Were two-thirds of groups targeted by IRS not conservative?
Amid fallout from the IRS’ admission that it improperly targeted conservative groups, the liberal group Progress Texas suggested that the tax agency’s net was cast wider.
Is that correct?
PolitiFact Texas asked the group how it concluded that most of the groups were not conservative. Political director Phillip Martin said the statement was based on a May 12, 2013, Washington Post news story about a leaked report from the U.S. Treasury inspector general that the government released two days later.

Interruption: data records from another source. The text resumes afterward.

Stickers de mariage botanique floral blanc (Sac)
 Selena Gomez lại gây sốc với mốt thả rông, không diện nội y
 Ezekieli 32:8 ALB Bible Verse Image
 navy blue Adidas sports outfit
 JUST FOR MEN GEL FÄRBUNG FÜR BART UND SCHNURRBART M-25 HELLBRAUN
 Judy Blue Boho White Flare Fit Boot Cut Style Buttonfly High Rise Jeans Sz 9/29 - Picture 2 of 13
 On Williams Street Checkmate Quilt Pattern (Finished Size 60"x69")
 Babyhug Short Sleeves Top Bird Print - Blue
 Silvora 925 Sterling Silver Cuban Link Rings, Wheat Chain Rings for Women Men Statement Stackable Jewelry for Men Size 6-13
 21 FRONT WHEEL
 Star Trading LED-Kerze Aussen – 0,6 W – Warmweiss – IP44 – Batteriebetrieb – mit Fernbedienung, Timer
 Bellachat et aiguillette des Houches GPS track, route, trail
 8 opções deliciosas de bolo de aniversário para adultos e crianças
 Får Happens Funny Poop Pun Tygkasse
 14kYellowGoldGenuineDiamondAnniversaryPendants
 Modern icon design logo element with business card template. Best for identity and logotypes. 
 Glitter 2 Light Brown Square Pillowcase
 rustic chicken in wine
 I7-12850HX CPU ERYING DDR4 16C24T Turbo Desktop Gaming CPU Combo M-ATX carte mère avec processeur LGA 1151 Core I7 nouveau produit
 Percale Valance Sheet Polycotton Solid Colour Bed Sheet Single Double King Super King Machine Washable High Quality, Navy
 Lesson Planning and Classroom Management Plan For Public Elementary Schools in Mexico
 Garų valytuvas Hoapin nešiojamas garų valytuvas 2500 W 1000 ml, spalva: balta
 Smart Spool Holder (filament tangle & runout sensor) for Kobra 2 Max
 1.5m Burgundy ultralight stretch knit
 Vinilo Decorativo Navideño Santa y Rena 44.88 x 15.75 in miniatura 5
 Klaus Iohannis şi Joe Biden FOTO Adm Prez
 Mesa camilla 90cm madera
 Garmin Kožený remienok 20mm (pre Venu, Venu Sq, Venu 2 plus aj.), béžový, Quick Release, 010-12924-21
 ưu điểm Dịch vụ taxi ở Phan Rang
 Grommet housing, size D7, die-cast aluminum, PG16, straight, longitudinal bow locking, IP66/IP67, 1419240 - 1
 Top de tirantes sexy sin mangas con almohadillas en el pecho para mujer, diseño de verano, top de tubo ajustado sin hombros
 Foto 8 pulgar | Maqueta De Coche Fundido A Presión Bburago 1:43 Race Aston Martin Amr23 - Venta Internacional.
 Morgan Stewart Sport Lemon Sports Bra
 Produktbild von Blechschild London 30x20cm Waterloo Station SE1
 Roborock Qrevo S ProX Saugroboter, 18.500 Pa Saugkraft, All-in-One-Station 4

The Post story said that according to the report, "Of the 298 groups selected for special scrutiny ... 72 had ‘tea party’ in their title, 13 had ‘patriot’ and 11 had ‘9/12.’ " That equaled 96 groups, Martin said, or 32.2 percent of the declared 298.
But were the other 202 groups not conservative? As it turns out, neither the report nor the story described those groups. And in U.S. House hearings on May 17 and May 22, lawmakers questioned acting IRS commissioner Steven Miller and the Treasury’s inspector general, J. Russell George, about the 202 unlabeled groups.
George said his report did not break out the political makeup of the 202 groups because it looked only at the names of the organizations: "Certain names were so generic that we were unable to determine whether or not they had a particular point of view."
Lacking any support, the group’s claim earned the rating Pants on Fire!